The framework that Schweitzer develops here extends that of Brownian motion by making the particles suspended in the fluid just a little more complicated. The particles become {\it Brownian agents}, with internal states. They can store energy and information and they can sense their environment and respond to it. They can change their internal states contingently depending on their environment, or based on their interactions with each other. These extra features endow them with simple computational capabilities. They are smarter than ping pong balls, but no smarter than they need to be. By adjusting parameters, the behavior can vary from purely stochastic at one extreme to purely deterministic at the other. Schweitzer shows that even when the Brownian agents are quite simple, through their direct and indirect interactions with each other they can exhibit quite complex behaviors.

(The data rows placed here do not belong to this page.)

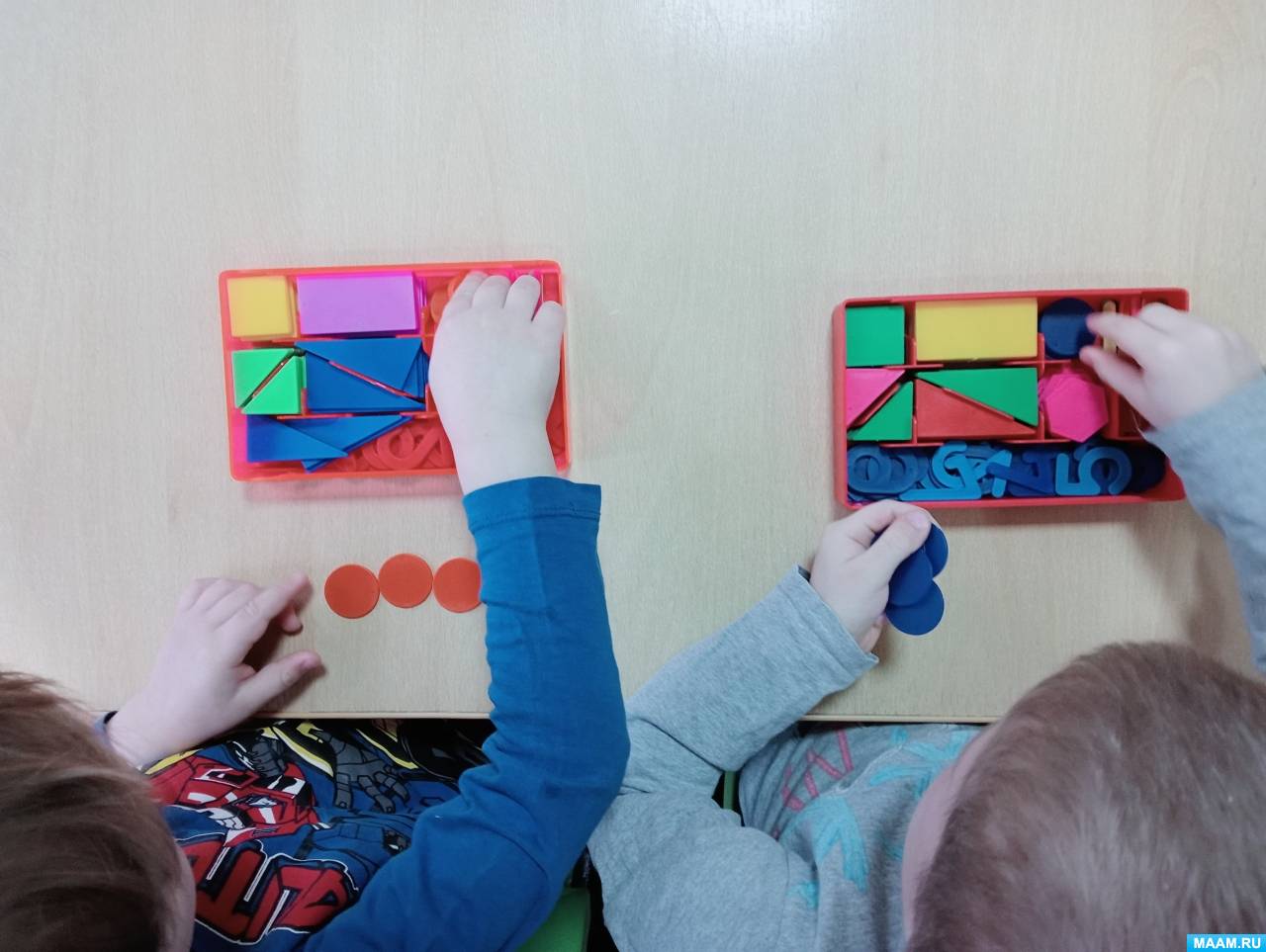 ������ 7�. �������� ������� �� ���� � ������� ������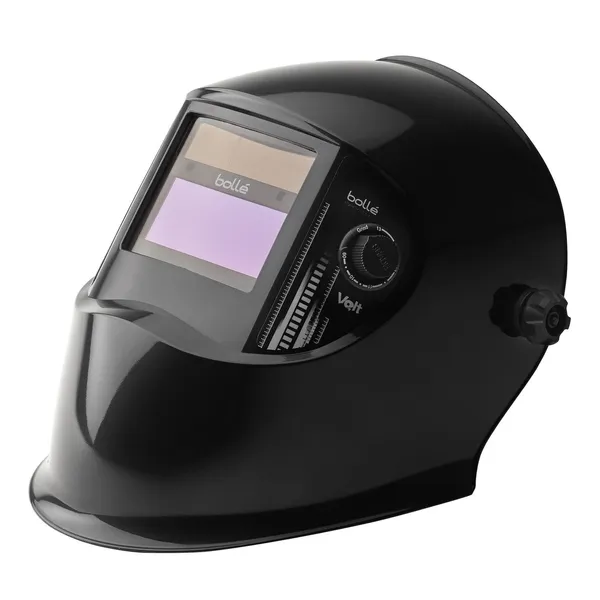 Elektronisk Sveisemaske Volt 9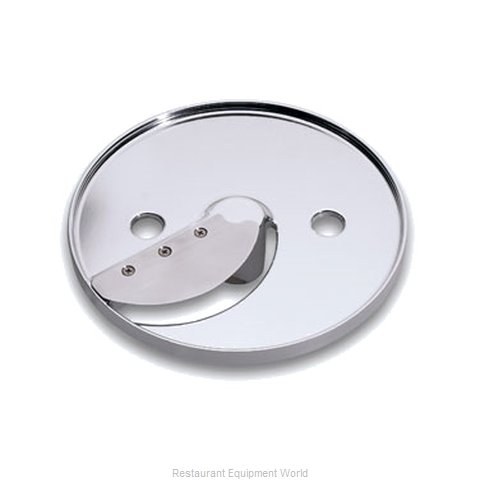 Waring CFP10 Slicing Disc Plate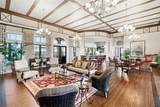 158 Blazing Star Avenue - Photo 24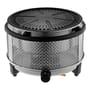 Cobb Premier Gas + BBQ System 3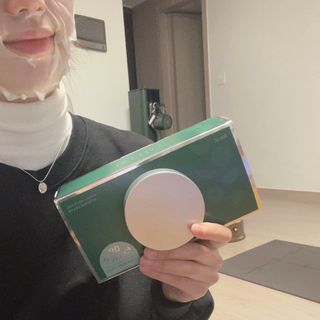잘먹고잘살기님이 올린 리뷰 사진 3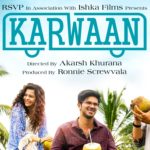 Karwaan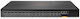 Aruba JL579A Managed L2 Switch με 32 Θύρες Gigabit (1Gbps) Ethernet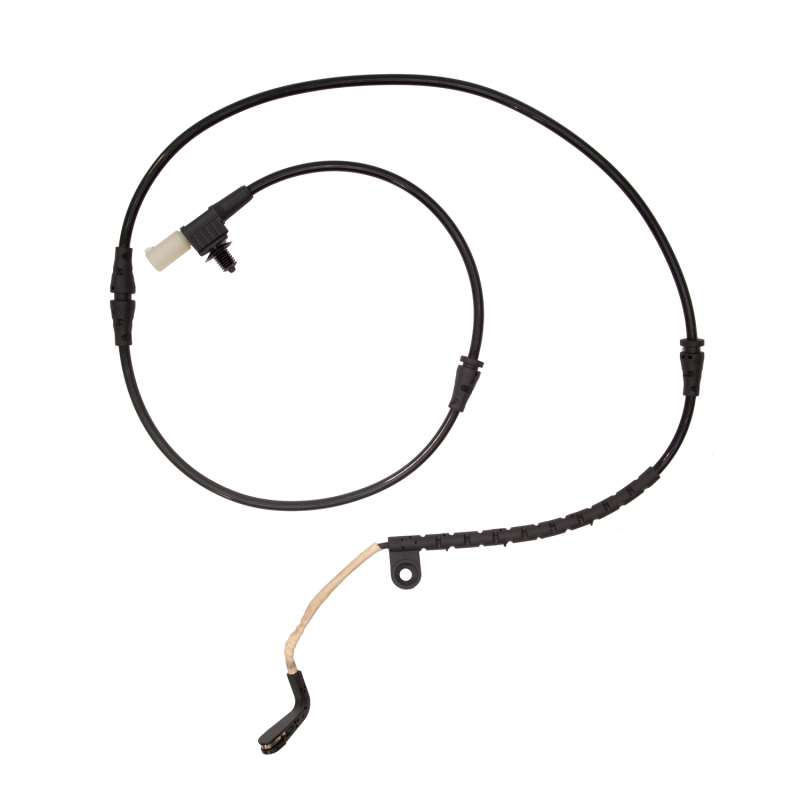 Land Rover Range Rover Sport Brake Sensor Wire - Front - R1 Concepts - `06-`13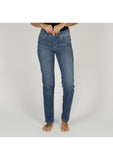 Angels Jeans 3463400 3358 | Cici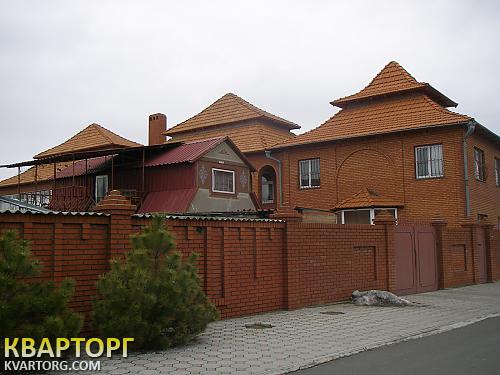 Sell house. Донецк, Мелекино — photo 1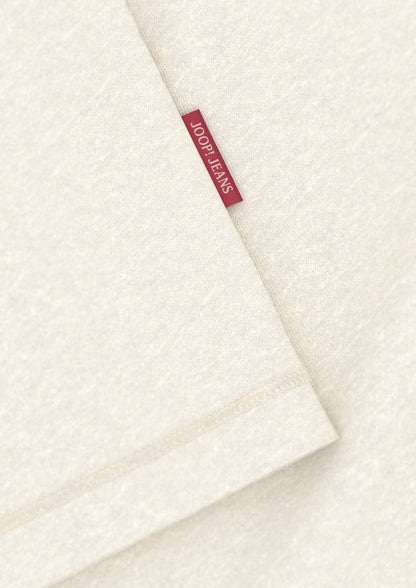 L_uni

Brownian agents can be used in many different contexts, ranging from atomic physics to macroeconomics. In this book, Schweitzer systematically develops the power of the Brownian agent model and shows how it can be applied to a wide range of problems, from molecule to mind. At the lowest level they can be simple atoms or molecules, with internal states such as excitation, and simple rules of interaction corresponding to chemical reactions. They can be used to describe the properties of molecular motors and ratchets. Or they can be cells or single-celled organisms responding to stimuli, such as electric fields, light, or chemical gradients. They can be used to study the group feeding properties of bark beetle larvae, or the trail formation of ants creating and responding to pheromone signals. With just a few changes in the model, they can be pedestrians forming trails based on visual queues, or automobile drivers stuck in traffic. Or they can be voters forming opinions by talking to their neighbors, or workers deciding where to work in a factory.

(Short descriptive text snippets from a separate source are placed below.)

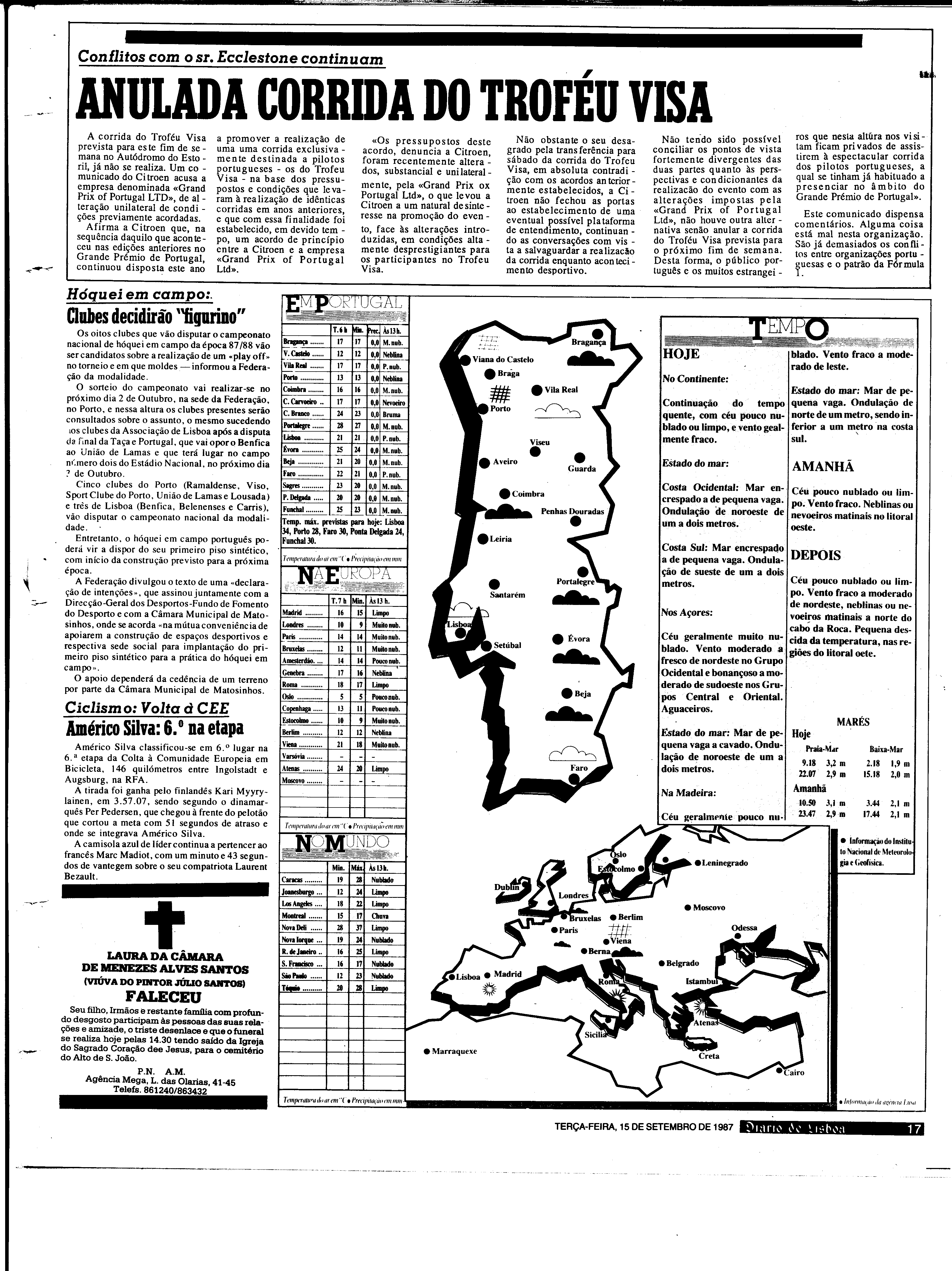06884.201.30947- pag.17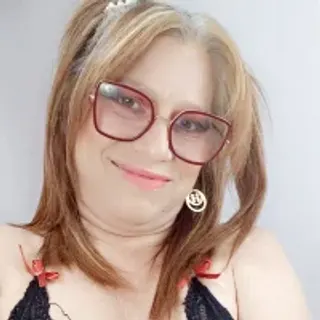 Profile photo of candyrojas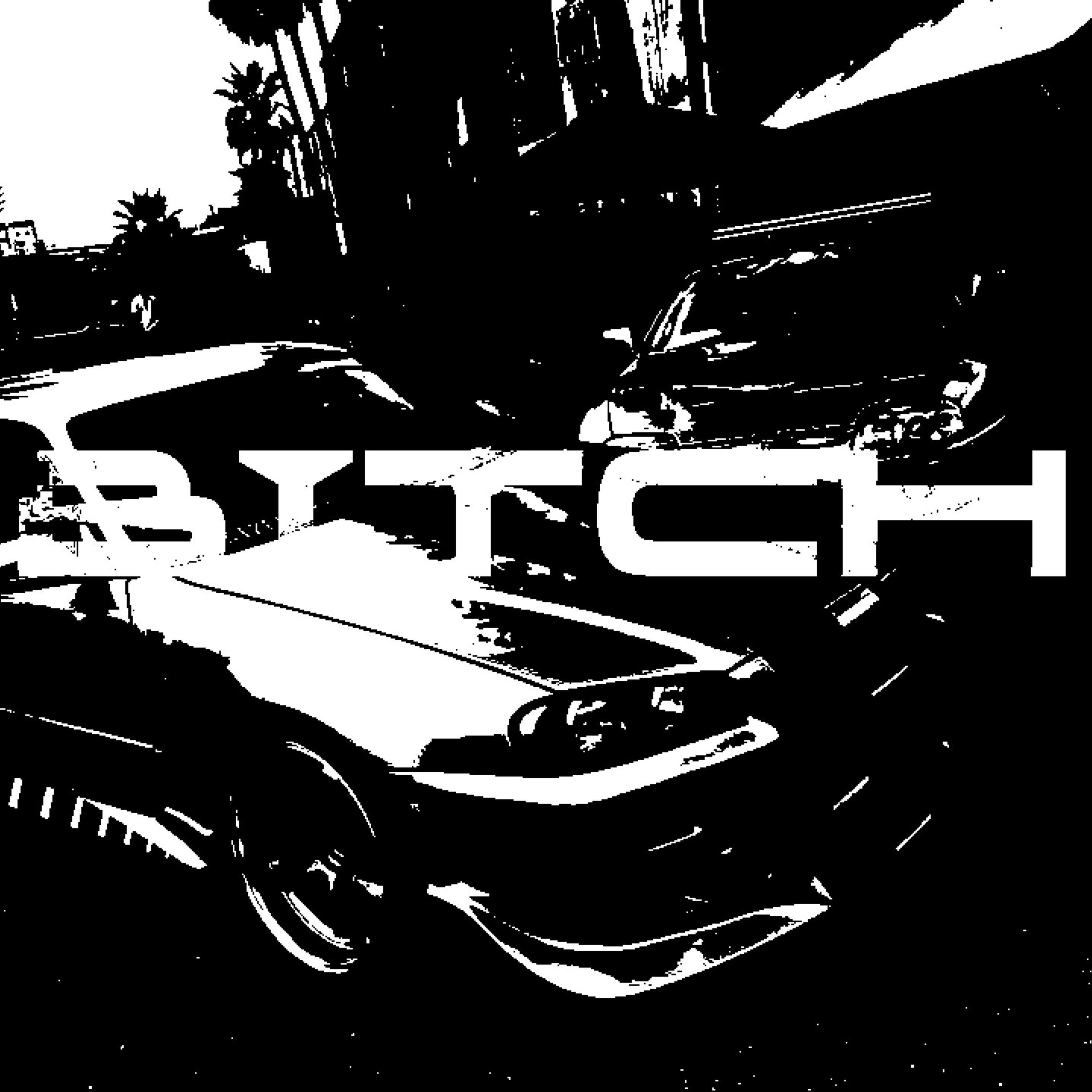 Релиз Bitch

Agent based modeling is one of the basic tools that has emerged in recent years for the study of complex systems. The basic idea is to encapsulate the behavior of the interacting units of a complex system in simple programs that constitute self-contained interacting modules. Unfortunately, however, all too often agent based modelers lack self-restraint, and create agents that are excessively complicated. This results in models whose behavior can be as difficult to understand as the systems they are intended to study. One ends up not knowing what properties are generic, and which properties are unwanted side-effects.

This work takes just the opposite approach, by including only features that are absolutely necessary. It demonstrates that agent based modeling is not just for computer simulation. By keeping the agents sufficiently simple, it is also possible to develop a theoretical framework that sometimes gives rise to analytic results, and that provides a mental framework for modeling and interpreting the results of simulations when analytic methods fail. By insisting on parsimony, it adheres to the modeling style that has been the key to the success of physics (and that originally motivated the rational expectations equilibrium model in economics).

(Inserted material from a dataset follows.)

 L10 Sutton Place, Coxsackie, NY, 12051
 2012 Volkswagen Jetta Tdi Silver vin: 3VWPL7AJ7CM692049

This book lays out a vision for a coherent framework for understanding complex systems. However, it should be viewed as a beginning rather than an end. There is still a great deal to be done in making more detailed connections to real problems, and in making quantitative, falsifiable predictions. Despite the wide range of problems discussed here, I suspect that this is only a small subset of the possibilities where the Brownian agent method can be applied. While I don't think that Brownian agents will gain a monopoly on theoretical modeling in complex systems, this book does a major service by introducing this new tool and demonstrating its generality and power in a wide range of diverse applications. This work will likely have an important influence on complex systems modeling in the future. And perhaps most important, it adds to the unity of knowledge by showing how phenomena in widely different areas can be addressed within a common mathematical framework, and showing that for some purposes, most of the details can be ignored.